[Records drawn from a dataset]
———

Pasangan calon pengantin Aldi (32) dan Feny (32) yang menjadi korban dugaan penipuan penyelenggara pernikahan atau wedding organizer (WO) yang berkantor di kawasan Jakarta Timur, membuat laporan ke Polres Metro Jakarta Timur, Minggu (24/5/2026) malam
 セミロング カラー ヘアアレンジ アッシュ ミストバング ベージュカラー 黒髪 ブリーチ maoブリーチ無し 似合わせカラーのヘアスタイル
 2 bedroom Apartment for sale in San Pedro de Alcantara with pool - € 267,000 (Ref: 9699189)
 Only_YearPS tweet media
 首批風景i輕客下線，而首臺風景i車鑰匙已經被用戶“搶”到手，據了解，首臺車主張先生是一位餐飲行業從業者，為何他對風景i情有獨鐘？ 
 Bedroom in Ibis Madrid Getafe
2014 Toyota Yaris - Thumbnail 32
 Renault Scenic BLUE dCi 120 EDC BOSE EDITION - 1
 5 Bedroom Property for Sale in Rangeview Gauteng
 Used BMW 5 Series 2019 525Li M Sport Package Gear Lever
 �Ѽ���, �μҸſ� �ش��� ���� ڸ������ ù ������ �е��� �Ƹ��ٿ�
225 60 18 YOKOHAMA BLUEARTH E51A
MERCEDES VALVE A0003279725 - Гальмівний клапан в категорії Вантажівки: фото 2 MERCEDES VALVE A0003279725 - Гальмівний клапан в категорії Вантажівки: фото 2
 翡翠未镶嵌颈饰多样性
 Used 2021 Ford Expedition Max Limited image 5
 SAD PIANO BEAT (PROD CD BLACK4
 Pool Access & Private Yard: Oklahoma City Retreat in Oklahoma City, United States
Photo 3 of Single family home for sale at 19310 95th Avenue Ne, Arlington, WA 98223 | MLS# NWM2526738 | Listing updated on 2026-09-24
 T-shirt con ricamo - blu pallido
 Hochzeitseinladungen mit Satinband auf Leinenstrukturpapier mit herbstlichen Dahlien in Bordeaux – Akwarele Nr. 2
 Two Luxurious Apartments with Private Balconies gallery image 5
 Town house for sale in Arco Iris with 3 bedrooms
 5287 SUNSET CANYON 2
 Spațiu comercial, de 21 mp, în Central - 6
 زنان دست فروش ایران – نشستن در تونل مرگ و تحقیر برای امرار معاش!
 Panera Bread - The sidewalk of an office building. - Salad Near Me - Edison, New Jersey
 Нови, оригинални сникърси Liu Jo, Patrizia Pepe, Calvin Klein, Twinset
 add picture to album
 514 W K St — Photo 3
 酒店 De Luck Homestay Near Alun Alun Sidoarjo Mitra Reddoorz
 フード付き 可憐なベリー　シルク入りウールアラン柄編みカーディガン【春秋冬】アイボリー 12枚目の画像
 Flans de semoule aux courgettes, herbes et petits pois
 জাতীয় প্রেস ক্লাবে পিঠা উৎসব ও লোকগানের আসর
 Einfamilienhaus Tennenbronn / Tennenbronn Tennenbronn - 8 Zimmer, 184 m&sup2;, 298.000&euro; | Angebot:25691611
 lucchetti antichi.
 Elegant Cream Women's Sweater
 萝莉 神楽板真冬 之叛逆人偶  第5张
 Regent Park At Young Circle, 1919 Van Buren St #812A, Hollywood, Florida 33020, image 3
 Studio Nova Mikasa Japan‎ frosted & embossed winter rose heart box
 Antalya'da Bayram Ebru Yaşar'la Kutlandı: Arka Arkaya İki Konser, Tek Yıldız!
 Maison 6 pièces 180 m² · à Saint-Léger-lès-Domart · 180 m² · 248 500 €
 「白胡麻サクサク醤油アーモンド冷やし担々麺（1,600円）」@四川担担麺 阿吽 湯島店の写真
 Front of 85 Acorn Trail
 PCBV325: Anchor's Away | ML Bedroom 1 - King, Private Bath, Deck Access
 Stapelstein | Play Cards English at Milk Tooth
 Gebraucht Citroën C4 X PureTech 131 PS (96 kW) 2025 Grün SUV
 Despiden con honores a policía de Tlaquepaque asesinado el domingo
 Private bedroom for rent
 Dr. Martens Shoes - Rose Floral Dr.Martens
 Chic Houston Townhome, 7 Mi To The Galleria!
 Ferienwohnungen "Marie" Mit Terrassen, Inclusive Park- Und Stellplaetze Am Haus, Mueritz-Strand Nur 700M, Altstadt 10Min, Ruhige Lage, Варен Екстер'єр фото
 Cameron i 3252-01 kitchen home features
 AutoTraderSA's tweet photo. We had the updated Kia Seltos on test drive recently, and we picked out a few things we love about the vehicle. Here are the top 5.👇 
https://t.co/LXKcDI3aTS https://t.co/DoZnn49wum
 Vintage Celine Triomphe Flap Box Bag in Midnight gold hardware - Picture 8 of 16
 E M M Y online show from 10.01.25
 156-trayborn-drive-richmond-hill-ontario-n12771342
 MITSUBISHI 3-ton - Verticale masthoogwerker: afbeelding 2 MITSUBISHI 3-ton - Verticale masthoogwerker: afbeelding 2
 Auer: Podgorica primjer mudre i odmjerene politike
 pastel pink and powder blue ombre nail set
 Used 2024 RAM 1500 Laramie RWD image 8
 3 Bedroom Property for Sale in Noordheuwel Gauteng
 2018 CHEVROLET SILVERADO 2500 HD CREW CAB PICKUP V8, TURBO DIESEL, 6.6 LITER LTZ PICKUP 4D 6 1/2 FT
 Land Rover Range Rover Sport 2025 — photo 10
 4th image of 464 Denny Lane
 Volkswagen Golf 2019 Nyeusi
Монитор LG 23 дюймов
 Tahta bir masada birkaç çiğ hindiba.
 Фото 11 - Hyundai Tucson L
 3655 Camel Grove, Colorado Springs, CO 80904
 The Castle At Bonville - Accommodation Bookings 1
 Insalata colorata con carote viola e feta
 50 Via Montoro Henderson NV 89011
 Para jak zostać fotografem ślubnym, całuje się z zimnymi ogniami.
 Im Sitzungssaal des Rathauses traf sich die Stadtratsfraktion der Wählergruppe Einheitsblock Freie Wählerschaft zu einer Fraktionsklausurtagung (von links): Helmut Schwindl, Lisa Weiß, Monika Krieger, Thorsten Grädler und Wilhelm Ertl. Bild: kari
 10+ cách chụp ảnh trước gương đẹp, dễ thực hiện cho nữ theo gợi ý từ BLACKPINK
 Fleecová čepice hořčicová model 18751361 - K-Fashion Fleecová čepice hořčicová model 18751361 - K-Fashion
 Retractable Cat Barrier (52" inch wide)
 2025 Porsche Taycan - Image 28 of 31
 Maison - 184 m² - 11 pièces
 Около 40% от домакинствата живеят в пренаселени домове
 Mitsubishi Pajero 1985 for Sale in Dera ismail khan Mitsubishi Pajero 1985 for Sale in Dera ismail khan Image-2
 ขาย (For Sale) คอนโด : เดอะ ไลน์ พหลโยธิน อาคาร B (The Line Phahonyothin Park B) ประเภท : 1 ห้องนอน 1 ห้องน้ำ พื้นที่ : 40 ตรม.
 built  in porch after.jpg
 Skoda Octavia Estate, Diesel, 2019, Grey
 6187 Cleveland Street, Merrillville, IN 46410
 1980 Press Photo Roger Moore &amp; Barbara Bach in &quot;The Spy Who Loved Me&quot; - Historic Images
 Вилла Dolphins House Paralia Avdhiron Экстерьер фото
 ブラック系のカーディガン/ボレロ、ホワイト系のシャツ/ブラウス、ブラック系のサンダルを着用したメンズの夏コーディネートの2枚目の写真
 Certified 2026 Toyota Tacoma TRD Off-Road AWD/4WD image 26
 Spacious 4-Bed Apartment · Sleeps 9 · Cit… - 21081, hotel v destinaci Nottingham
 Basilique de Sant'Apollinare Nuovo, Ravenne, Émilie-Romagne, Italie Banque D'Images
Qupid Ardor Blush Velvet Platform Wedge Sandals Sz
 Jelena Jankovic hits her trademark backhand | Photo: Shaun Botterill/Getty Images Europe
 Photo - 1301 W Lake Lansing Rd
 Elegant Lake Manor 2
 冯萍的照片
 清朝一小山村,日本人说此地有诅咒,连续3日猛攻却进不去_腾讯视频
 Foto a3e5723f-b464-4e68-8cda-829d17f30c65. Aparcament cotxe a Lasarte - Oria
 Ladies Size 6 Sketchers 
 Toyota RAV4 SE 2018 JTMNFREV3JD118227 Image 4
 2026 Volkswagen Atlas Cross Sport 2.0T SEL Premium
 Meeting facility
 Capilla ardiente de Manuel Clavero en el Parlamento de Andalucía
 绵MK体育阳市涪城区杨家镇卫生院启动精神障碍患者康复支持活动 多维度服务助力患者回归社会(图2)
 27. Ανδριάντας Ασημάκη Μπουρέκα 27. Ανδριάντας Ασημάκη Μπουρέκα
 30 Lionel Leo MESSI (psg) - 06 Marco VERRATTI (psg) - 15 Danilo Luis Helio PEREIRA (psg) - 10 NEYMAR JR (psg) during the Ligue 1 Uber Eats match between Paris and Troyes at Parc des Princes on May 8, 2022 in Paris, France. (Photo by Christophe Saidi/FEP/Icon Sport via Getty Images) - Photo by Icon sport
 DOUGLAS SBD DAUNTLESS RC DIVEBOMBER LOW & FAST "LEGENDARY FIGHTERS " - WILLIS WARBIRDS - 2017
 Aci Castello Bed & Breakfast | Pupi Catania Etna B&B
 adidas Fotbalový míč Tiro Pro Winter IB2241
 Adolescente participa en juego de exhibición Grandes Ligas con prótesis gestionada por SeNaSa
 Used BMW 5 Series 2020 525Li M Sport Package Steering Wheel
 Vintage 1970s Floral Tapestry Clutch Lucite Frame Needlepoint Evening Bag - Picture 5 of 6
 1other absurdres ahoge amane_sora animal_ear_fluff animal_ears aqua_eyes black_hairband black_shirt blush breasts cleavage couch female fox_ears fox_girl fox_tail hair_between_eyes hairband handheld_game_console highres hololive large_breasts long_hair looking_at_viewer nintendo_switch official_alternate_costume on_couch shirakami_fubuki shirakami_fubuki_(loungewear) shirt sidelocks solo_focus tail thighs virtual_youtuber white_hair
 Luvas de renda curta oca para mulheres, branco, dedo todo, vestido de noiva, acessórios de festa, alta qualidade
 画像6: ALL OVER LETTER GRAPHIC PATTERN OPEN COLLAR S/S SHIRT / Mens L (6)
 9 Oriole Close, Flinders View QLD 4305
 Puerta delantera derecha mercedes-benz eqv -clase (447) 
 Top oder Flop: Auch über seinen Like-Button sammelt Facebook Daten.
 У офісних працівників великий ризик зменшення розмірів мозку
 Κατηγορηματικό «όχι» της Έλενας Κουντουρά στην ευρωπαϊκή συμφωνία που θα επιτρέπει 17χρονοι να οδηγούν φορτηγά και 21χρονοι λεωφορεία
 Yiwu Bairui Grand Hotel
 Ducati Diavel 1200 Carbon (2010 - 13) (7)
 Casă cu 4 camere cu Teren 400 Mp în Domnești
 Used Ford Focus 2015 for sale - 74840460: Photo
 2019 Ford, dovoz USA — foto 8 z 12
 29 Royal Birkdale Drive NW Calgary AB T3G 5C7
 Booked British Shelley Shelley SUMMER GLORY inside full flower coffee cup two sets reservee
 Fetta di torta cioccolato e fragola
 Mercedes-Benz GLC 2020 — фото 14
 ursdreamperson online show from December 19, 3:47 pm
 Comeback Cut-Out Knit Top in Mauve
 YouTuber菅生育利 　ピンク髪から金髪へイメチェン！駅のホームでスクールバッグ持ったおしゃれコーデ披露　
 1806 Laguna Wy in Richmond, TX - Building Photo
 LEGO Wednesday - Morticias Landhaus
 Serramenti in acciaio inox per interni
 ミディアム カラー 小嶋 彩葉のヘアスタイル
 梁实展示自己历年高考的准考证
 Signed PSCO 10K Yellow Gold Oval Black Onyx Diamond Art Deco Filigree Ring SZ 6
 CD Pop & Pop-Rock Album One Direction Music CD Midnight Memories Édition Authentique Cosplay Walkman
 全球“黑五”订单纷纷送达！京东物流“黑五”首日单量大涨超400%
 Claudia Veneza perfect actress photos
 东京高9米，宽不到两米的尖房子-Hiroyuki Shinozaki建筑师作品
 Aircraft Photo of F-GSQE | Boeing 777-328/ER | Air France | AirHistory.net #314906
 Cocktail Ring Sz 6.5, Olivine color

———

EXERCISE DIRECTIONS
Output only an exact transcription of the lines above from the one with "27. Ανδριάντας Ασημάκη Μπουρέκα 27." up to and including the one with "Vintage 1970s Floral".

PROBLEM SOLUTION
 27. Ανδριάντας Ασημάκη Μπουρέκα 27. Ανδριάντας Ασημάκη Μπουρέκα
 30 Lionel Leo MESSI (psg) - 06 Marco VERRATTI (psg) - 15 Danilo Luis Helio PEREIRA (psg) - 10 NEYMAR JR (psg) during the Ligue 1 Uber Eats match between Paris and Troyes at Parc des Princes on May 8, 2022 in Paris, France. (Photo by Christophe Saidi/FEP/Icon Sport via Getty Images) - Photo by Icon sport
 DOUGLAS SBD DAUNTLESS RC DIVEBOMBER LOW & FAST "LEGENDARY FIGHTERS " - WILLIS WARBIRDS - 2017
 Aci Castello Bed & Breakfast | Pupi Catania Etna B&B
 adidas Fotbalový míč Tiro Pro Winter IB2241
 Adolescente participa en juego de exhibición Grandes Ligas con prótesis gestionada por SeNaSa
 Used BMW 5 Series 2020 525Li M Sport Package Steering Wheel
 Vintage 1970s Floral Tapestry Clutch Lucite Frame Needlepoint Evening Bag - Picture 5 of 6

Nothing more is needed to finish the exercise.